XML Output stage repetitive data elements issue

amit.jaiswal_ATL · Post by **amit.jaiswal_ATL** » Tue Feb 17, 2015 3:43 pm

Hello All,

I have below values in the source:
COL-A COL-B
2810945 S
2810965 S
2810985 S
4025390 H
4041510 B
4041512 B

I am expecting below XML structure

Code: Select all

<s:LineItems>
	<s:Code>2810945</s:Code>
	<s:Values>
		<s:CodeValue>S</s:CodeValue>
	</s:Values>
</s:LineItems>
<s:LineItems>
	<s:Code>2810965</s:Code>
	<s:Values>
		<s:CodeValue>S</s:CodeValue>
	</s:Values>
</s:LineItems>
<s:LineItems>
	<s:Code>2810985</s:Code>
	<s:Values>
		<s:CodeValue>S</s:CodeValue>
	</s:Values>
</s:LineItems>
<s:LineItems>
	<s:Code>4025390</s:Code>
	<s:Values>
		<s:CodeValue>H</s:CodeValue>
	</s:Values>
</s:LineItems>
<s:LineItems>
	<s:Code>4041510</s:Code>
	<s:Values>
		<s:CodeValue>B</s:CodeValue>
	</s:Values>
</s:LineItems>
<s:LineItems>
	<s:Code>4041512</s:Code>
	<s:Values>
		<s:CodeValue>B</s:CodeValue>
	</s:Values>
</s:LineItems>

But I am getting below result:

Code: Select all

<s:LineItems>
	<s:Code>2810945</s:Code>
	<s:Code>2810965</s:Code>
	<s:Code>2810985</s:Code>
	<s:Values>
		<s:CodeValue>S</s:CodeValue>
	</s:Values>
</s:LineItems>
<s:LineItems>
	<s:Code>4025390</s:Code>
	<s:Values>
		<s:CodeValue>H</s:CodeValue>
	</s:Values>
</s:LineItems>
<s:LineItems>
	<s:Code>4041510</s:Code>
	<s:Code>4041512</s:Code>
	<s:Values>
		<s:CodeValue>B</s:CodeValue>
	</s:Values>
</s:LineItems>

I used below XPATH to generate the data element structure:
COLUMN_CODE ==> /s:LineItems/s:Code
COLUMN_CODEVALUE ==> /s:LineItems/s:Values/s:CodeValue

I tried multiple options but could not generate the expected XML structure. Can you please let me know the process/option to accomplish the desired result?

Thanks in advance!

-Amit

eostic · Post by **eostic** » Tue Feb 17, 2015 4:44 pm

I suspect this is an issue that we see once in awhile when there are very few elements and there isn't anything uniquely identifying the lower level repeating instances.

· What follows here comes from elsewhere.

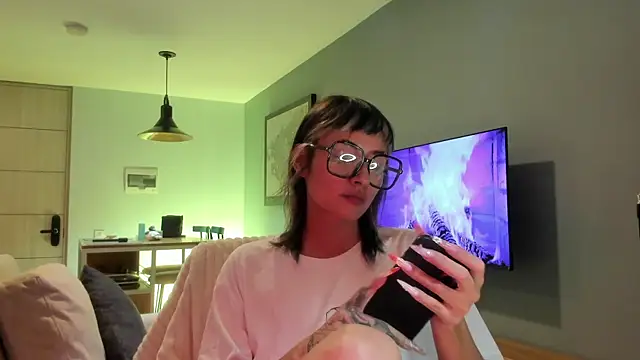 vandalovee  online show from 9, 5, 2026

If that's the issue, you should be able to alleviate the problem by adding a unique counter to that level of your hierarchy. Create a dummy column in a transformer upstream, and make it unique for every COL-B level row that comes thru.

Add it to your xml with its own xpath, perhaps with an element name of <dummyKey>, and make it the only repetition element.

Put this column above CodeValue, with xpath something like:

/s:LineItems/s:Values/s:dummyKey/text()

That should put things in the right order.....and then you can clean out the <dummyKey> element downstream in another transformer. Put an output link on your xmlOutput Stage and just have one large column on that link.....something like myXMLContent with longvarchar and a long length....put a single '/' in the Description property.

Ernie

amit.jaiswal_ATL · Post by **amit.jaiswal_ATL** » Tue Feb 17, 2015 8:07 pm

Thanks Ernie for your reply. I am just wondering, after adding dummykey element with it's value (counter 1,2,3, etc) in the XML data block, how to cleanup this from that XML block in the subsequent transformer? Are you suggesting to use function like ereplace and replace dummykey elelments with ZERO/empty space?

Thanks.
-Amit

eostic · Post by **eostic** » Tue Feb 17, 2015 8:28 pm

One way to do it is via something like ereplace.....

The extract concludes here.